Defendant Delano Nathaniel Temple appeals from orders revoking his probation and sentencing him to state prison in two separate cases, following a single probation revocation hearing. We affirm.

FACTUAL AND PROCEDURAL BACKGROUND

In case No. MA046581 (Case 1), defendant was charged by felony complaint on August 17, 2009 with two counts of assault by means likely to produce great bodily injury (Pen. Code, § 245, subd. (a)(1)). Pursuant to a plea agreement, defendant pled no contest to one count of assault by means likely to produce great bodily injury on November 9, 2009. On November 30, 2009, the trial court suspended imposition of sentence and placed defendant on probation for three years, conditioned on service of 180 days in county jail.

All further statutory references are to the Penal Code.

On May 13, 2011, defendant's probation was revoked based upon his failure to report to probation and an arrest in Nevada.
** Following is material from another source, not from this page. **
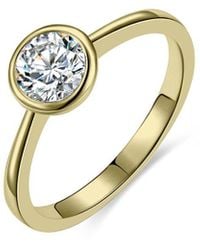 Rachel Glauber - 14k Plated Cz Solitaire Ring - Lyst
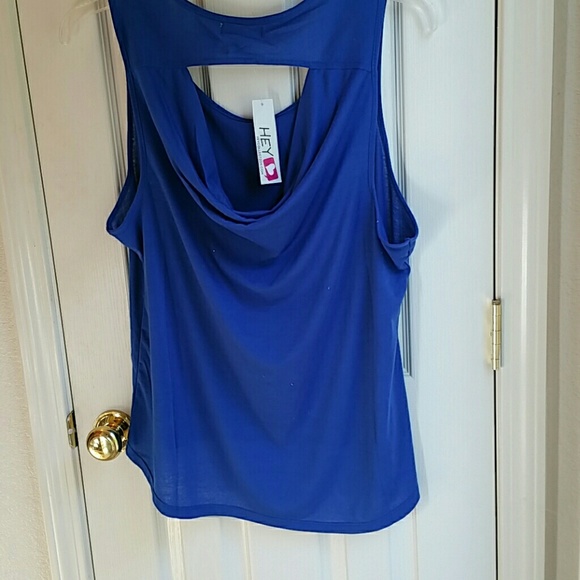 'HEY' Women's SZ 2x  cobalt blue tank top- COOL!! - Picture 3 of 4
At a probation violation hearing on June 24, 2011, defendant admitted the probation violation and, pursuant to stipulation, his probation was reinstated and extended for a period of two years.

On December 14, 2011, defendant admitted another probation violation. His probation was revoked and reinstated with an additional 20 days of community labor ordered, for a total of 110 days of community labor. Defendant's probation was again revoked on February 15, 2012 for failure to appear with proof of progress toward completing the community labor. On February 16, defendant's probation was reinstated with an additional order as to completion of his community labor, including a specific order that he complete a minimum of eight days of Caltrans or community labor each month for the next two months.

On July 30, 2014, by felony complaint, defendant was charged in case No. KA106823 (Case 2) with possession of a firearm by a felon (§ 29800, subd. (a)(1)) and possession of ammunition (§ 30305, subd. (a)(1)). On July 31, pursuant to a plea agreement, defendant pled no contest to possession of a firearm by a felon. Imposition of sentence was suspended, and defendant was placed on formal probation for three years, conditioned on service of 365 days in county jail.

On November 12, 2014, probation was revoked in Case 1.

A hearing was held in Cases 1 and 2 on December 2, 2014, at which the court considered a recent probation report which indicated defendant had been arrested six times since the last report in 2012, resulting in three convictions, including his conviction for the firearm possession in Case 2. The report also noted that he had failed to complete the terms of his probation for Case 1 relating to community labor. At the conclusion of the hearing, the court continued the probation violation hearing relating to Case 1 to December 29 to allow defendant to have private counsel present. In Case 2, probation was revoked and the probation violation hearing was set for December 29.

The combined probation violation hearing was continued several times and ultimately held on March 18, 2015. At the hearing, defendant was questioned extensively about the circumstances surrounding his arrest and guilty plea in Case 2. He testified that he had been stopped in his car by the police. When they asked if he was on probation, he stated that he was and gave them permission to search his car. The police found a handgun, and he was arrested for being a felon in possession of a handgun.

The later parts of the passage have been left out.